The films that honestly dealt with the opportunism and consequent proclamation of national innocence are very few indeed. One of them, Luigi Zampa’s Difficult Years (1948), was the first and last neorealist film to expose the political turncoating of Italian functionaries as well as ordinary men and women during and after Fascism. Negatively reviewing it for The New York Times in 1950, Bosley Crowther nonetheless helpfully contextualizes Zampa’s film by outlining the tendency of “Italy’s filmmakers to help purge that nation’s troubled soul of the guilt of supporting Fascism.” He then proceeds to note how “diligently, doggedly, devoutly, they have loaded the overwhelming blame for their country’s notorious corruption upon ‘the other fellow’s’ head and have shown that the average Italian was anti-Fascist to the core.
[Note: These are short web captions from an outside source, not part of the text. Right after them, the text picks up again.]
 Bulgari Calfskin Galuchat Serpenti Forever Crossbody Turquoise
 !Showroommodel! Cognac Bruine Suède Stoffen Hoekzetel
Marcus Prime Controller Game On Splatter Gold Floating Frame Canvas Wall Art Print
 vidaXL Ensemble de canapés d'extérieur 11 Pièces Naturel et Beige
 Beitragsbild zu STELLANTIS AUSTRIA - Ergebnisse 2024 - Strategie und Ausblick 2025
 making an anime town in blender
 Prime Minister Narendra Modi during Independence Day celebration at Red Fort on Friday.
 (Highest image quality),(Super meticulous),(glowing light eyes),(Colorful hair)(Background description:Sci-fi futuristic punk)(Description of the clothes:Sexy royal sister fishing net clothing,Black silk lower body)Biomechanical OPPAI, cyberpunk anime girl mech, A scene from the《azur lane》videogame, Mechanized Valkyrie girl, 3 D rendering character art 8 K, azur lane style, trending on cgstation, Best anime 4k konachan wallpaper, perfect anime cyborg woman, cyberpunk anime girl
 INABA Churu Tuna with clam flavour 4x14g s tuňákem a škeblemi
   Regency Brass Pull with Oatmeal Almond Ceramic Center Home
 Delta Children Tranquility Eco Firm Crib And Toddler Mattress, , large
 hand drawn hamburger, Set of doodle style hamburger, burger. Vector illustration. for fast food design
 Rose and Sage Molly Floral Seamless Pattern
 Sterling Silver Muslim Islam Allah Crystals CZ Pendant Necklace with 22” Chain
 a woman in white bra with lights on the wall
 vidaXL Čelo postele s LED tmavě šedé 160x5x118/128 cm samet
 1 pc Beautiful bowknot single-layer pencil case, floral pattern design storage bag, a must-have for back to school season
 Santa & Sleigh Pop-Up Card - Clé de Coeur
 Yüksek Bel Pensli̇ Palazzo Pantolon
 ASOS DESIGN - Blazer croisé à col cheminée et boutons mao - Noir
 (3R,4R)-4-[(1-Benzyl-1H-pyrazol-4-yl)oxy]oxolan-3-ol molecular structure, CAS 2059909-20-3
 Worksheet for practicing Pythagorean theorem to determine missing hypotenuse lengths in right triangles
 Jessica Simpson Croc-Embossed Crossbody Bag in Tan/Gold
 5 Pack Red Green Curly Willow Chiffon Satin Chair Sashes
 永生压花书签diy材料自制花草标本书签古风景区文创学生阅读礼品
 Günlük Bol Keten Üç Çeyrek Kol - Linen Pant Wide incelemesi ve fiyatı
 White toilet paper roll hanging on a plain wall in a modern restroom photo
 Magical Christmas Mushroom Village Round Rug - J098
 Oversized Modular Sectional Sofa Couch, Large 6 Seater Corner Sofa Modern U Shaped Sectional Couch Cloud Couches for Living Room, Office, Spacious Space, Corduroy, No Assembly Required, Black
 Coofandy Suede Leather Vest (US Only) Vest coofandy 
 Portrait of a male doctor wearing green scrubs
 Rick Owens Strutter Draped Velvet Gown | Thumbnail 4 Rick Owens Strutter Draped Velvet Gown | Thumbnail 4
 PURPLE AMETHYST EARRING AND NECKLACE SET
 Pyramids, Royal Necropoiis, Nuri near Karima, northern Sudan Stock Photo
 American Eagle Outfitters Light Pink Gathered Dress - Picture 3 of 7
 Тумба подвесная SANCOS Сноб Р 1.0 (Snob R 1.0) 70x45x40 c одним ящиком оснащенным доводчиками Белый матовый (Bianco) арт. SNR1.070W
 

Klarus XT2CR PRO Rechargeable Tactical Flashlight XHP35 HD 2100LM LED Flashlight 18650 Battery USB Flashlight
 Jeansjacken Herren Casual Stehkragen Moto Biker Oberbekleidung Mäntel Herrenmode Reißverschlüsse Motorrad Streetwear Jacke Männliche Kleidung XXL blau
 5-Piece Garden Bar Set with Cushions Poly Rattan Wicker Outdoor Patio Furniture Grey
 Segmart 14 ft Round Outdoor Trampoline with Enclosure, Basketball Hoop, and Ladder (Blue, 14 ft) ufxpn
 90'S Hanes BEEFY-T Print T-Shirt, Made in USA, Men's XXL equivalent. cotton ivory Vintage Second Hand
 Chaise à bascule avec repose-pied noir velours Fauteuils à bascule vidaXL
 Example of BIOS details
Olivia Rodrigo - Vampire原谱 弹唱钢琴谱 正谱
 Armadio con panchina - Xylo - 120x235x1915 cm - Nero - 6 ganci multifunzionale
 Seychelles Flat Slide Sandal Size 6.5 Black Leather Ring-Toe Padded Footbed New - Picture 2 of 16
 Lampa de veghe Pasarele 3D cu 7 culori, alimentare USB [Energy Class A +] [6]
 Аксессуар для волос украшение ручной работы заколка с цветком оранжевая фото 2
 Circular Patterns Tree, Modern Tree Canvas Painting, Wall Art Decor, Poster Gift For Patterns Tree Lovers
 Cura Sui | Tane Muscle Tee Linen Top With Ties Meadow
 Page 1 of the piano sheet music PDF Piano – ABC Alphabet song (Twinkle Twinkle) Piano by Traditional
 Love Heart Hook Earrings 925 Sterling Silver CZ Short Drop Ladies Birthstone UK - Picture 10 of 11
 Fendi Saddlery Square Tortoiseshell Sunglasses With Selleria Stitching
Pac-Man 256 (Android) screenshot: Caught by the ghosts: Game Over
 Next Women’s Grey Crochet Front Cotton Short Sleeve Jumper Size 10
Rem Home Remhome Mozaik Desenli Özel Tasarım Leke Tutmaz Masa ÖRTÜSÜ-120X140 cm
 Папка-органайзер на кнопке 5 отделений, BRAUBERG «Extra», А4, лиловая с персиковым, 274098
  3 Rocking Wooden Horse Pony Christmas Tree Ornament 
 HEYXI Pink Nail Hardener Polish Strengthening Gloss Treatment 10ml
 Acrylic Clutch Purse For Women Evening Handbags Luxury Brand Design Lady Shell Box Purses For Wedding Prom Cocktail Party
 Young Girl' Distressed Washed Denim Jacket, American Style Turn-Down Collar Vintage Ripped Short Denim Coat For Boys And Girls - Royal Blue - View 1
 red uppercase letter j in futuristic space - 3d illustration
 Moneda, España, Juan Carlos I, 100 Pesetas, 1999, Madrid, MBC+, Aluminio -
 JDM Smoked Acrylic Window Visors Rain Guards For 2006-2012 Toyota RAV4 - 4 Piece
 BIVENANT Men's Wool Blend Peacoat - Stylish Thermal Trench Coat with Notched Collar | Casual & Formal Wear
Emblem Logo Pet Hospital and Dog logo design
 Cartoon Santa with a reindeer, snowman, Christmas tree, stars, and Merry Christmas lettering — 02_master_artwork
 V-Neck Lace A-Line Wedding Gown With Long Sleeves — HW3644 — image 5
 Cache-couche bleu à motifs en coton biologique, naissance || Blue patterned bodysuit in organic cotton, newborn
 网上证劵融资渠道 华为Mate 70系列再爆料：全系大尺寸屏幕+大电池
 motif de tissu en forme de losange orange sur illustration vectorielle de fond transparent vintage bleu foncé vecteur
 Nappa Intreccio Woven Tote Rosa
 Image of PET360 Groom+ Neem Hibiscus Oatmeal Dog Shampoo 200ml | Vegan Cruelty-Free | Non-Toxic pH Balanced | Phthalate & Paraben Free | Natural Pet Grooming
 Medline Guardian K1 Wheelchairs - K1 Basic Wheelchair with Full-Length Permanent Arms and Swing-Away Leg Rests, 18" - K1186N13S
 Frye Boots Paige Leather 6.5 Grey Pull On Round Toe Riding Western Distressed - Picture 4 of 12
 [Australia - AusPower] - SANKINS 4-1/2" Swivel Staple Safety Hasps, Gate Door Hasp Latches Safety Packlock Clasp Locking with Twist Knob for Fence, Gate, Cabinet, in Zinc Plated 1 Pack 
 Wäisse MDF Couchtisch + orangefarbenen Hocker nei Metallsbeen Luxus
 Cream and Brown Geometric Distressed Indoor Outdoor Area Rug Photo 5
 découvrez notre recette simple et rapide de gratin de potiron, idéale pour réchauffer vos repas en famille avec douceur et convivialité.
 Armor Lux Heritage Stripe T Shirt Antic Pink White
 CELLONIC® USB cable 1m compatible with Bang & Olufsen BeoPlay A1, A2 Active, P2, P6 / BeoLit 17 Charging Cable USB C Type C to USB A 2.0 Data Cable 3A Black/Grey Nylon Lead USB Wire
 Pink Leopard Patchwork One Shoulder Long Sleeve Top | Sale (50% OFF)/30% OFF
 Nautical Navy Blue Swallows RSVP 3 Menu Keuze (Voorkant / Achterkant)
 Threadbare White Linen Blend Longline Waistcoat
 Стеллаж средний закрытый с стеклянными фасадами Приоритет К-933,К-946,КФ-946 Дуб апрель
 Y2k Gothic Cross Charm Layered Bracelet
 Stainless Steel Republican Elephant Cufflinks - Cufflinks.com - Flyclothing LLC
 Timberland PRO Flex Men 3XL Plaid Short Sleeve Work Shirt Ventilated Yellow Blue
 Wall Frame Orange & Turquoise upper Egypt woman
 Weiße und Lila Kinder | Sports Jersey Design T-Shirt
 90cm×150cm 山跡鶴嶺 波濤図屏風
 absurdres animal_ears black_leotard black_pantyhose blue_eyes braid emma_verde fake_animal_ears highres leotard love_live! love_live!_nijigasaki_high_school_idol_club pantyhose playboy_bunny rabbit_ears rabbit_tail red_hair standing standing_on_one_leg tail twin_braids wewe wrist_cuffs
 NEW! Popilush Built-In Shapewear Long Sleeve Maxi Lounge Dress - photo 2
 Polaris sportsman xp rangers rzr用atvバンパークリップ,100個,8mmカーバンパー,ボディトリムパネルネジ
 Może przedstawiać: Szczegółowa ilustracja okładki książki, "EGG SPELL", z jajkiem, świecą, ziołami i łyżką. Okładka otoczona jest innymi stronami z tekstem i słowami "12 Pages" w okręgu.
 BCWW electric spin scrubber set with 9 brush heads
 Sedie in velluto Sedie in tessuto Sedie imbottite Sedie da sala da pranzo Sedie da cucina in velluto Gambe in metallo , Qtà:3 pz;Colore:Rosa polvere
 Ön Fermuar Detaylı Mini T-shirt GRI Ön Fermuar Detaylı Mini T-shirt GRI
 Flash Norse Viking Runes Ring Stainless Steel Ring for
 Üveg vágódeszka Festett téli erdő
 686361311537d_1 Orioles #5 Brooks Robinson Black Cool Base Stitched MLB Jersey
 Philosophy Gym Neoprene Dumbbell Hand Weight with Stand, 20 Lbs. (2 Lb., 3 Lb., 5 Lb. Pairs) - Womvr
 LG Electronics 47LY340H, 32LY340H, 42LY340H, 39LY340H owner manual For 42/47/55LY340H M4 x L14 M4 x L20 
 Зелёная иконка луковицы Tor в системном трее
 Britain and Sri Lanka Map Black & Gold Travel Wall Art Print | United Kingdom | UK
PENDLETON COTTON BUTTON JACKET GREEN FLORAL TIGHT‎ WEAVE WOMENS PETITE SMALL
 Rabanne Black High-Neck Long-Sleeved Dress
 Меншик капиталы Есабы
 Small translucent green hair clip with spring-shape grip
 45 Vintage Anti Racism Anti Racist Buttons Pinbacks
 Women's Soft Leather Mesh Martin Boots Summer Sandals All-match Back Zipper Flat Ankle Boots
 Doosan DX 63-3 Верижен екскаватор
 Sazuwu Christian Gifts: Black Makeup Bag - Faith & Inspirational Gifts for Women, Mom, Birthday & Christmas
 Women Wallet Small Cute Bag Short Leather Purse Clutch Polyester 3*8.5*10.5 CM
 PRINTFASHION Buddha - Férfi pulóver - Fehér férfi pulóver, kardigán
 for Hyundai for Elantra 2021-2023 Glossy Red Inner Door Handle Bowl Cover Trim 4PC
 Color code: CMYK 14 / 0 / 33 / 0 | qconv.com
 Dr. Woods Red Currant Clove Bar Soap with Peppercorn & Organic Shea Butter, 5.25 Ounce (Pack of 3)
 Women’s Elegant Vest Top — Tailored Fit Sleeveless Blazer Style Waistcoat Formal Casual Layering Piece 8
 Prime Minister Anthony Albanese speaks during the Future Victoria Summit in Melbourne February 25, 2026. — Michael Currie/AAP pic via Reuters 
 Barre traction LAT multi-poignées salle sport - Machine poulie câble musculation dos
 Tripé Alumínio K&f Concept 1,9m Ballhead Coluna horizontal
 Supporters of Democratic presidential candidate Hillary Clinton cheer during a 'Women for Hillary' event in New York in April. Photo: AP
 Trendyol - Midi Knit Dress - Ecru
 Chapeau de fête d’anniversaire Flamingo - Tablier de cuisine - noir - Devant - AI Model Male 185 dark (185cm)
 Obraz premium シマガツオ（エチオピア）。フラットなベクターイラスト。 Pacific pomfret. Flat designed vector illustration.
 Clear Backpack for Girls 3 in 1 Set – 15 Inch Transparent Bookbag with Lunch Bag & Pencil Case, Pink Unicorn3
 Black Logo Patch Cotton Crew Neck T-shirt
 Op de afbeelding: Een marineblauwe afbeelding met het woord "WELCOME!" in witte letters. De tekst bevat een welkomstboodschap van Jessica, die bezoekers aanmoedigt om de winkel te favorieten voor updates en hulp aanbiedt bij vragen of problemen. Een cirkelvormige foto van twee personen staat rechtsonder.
The Blackshirts and the plainly alien Nazis have been the notable villains in their films. The heroes—the champions of freedom—have been the ordinary Italian Joes.” A film that had the decency to denounce the exact opposite, what an Italian partisan calls “last minute anti-fascism” in Damiano Damiani’s 1981 TV documentary Until Memory Lasts: Piazzale Loreto, was Florestano Vancini’s It Happened in ’43 (1961). The film chronicles the hypocritical speed at which Italians, from all walks of life, switched uniforms overnight and started opposing a regime they had until the day before supported, either silently or vocally. Two films, only, against the neorealist deluge of mystification and victimization are hardly enough to dispel the myth of an innocent nation forced down by an alien regime no one had either wanted or supported. This is a myth whose narrative and aesthetic archetypes were laid down in Rossellini’s war trilogy and subsequently expanded into what came to be known as, equivocally so, neorealism.